Ibernazione umana secondo la scienza

Ibernazione umana secondo la scienza

A livello scientifico, ibernazione significa variazione della condizione biologica in cui le funzioni vitali sono ridotte al minimo.

Proposto al cinema da Woody Allen ne 'Il dormiglione' (1973), da Steve Maner in 'Amore per sempre' (1992) e da Cameron Crowe in 'Vanilla Sky' (2001), l'ibernazione è affrontata anche in diverse opere letterarie: è al centro del libro di James Halperin 'The first immortal' del 1998 e, più recentemente, del romanzo di Don DeLillo 'Zero K' (2016).
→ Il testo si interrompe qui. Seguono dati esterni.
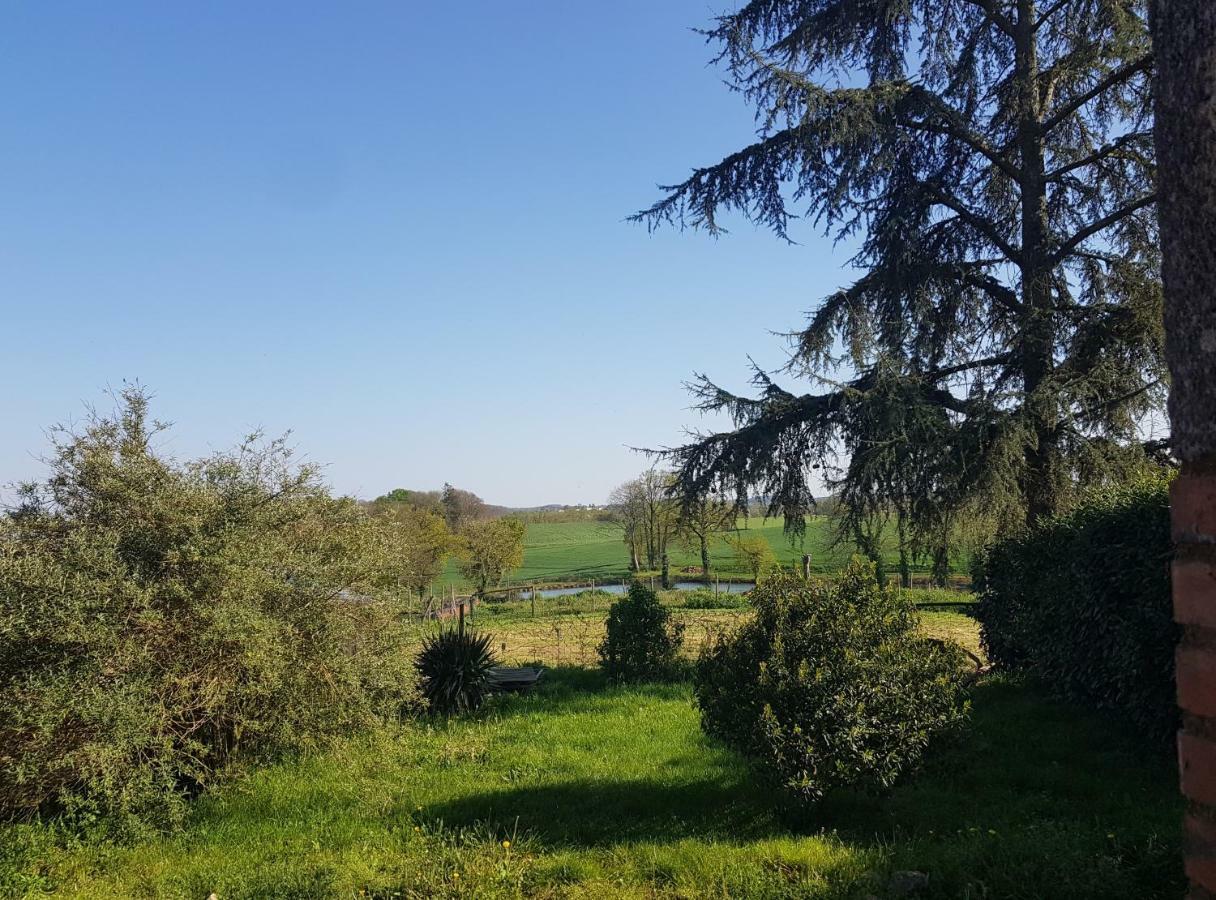 Le Beugnon Villa La Pommeraie-sur-Sèvre Buitenkant foto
Non è difficile capire perché il tema affascini: da sempre gli esseri umani coltivano il sogno di contrastare l'invecchiamento e conquistare l'immortalità.

Proprio come Ross Lockhart, il protagonista del libro di DeLillo, che decide di congelare la moglie colpita da un cancro incurabile, per risvegliarla in un futuro in cui la medicina sarà avanzata a tal punto da riuscire a curare tutte le patologie, anche il tumore. Già molte persone si sono fatte crioconservare dopo il decesso (attualmente l'ibernazione è permessa solo post-mortem) e a fornire il servizio sono società come le statunitensi Alcon e Cryonics e la russa KrioRuss.
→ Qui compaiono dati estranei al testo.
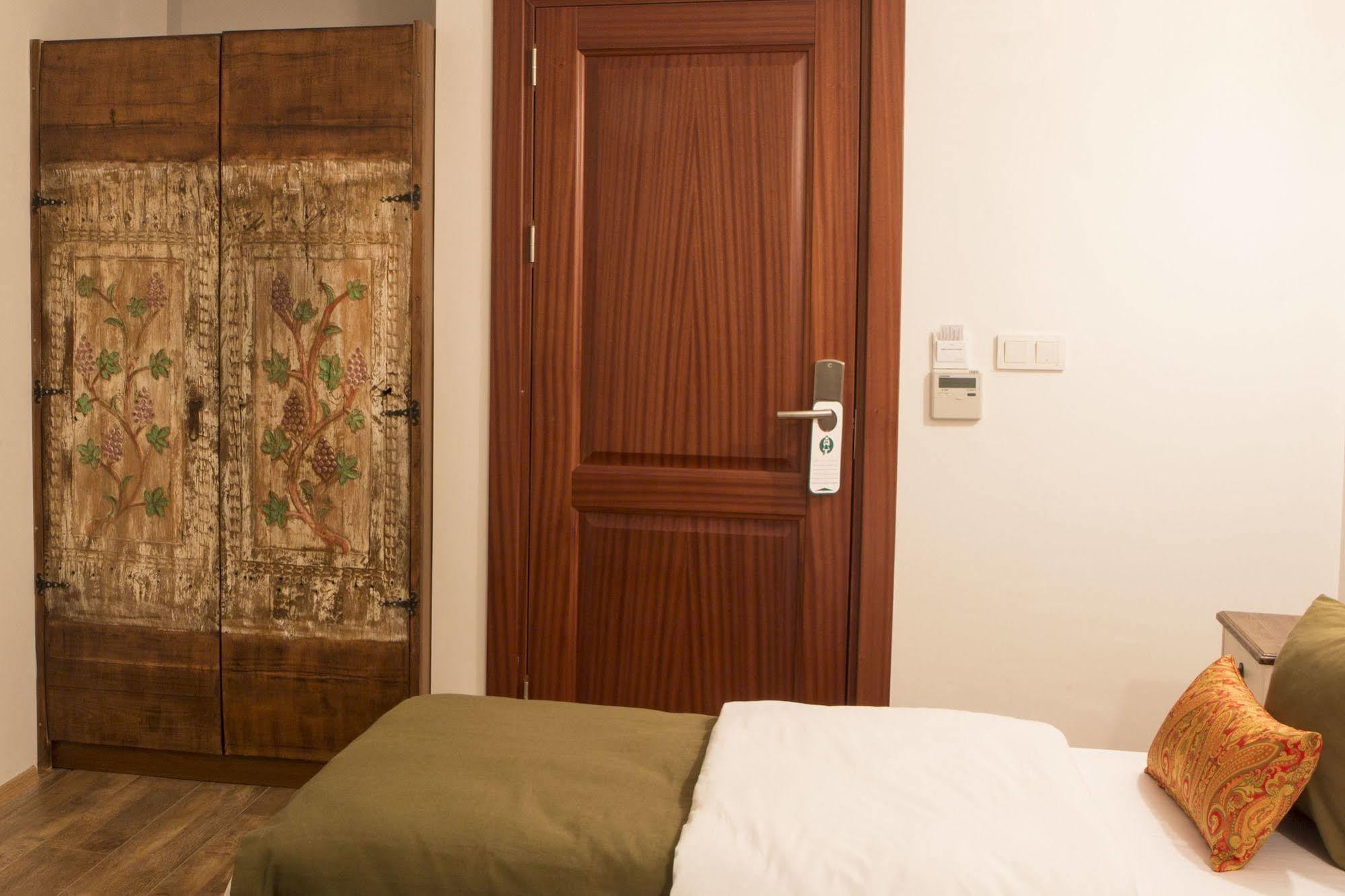 Oriella Hotel Istanbul Eksteriør bilde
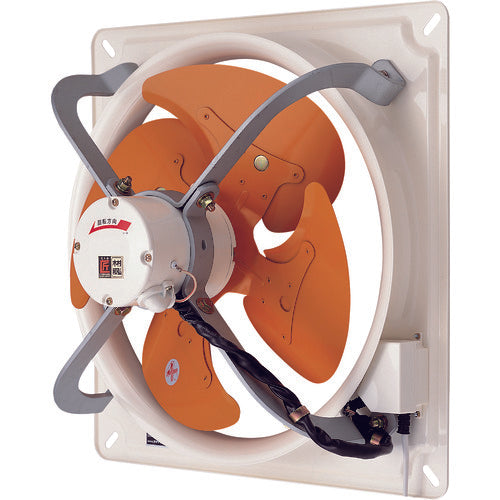 Suiden 有圧換気扇 ハネ径25cm 1速式 100V SCF-25DA1 1 台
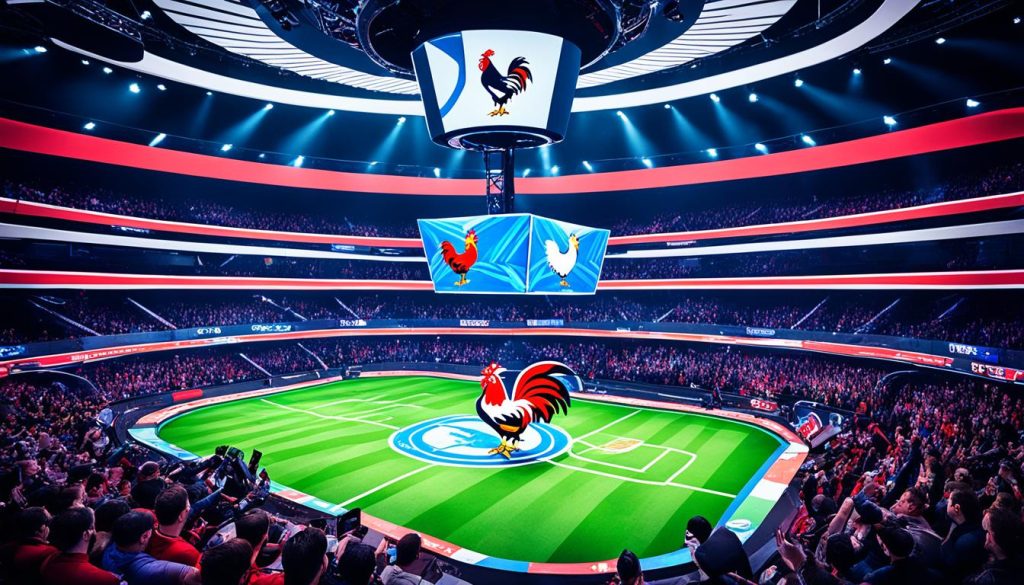 Situs Judi Sabung Ayam Online Amerika 2024 Terbaik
Ma in cosa consiste l'ibernazione? “È una condizione biologica in cui le funzioni vitali sono ridotte al minimo, il battito cardiaco e la respirazione rallentano, il metabolismo si riduce e la temperatura corporea si abbassa”, spiega Roberto Volpe del Servizio prevenzione e protezione (Spp) del Cnr. “Può essere avvicinata al letargo degli animali nel quale, comunque, non si raggiungono mai temperature inferiori a pochi gradi sopra lo zero. A esso ricorrono diversi tipi di invertebrati, ma anche anfibi, rettili, mammiferi come l'orso bruno, il tasso, la marmotta, soprattutto in inverno, nelle regioni fredde o temperate”.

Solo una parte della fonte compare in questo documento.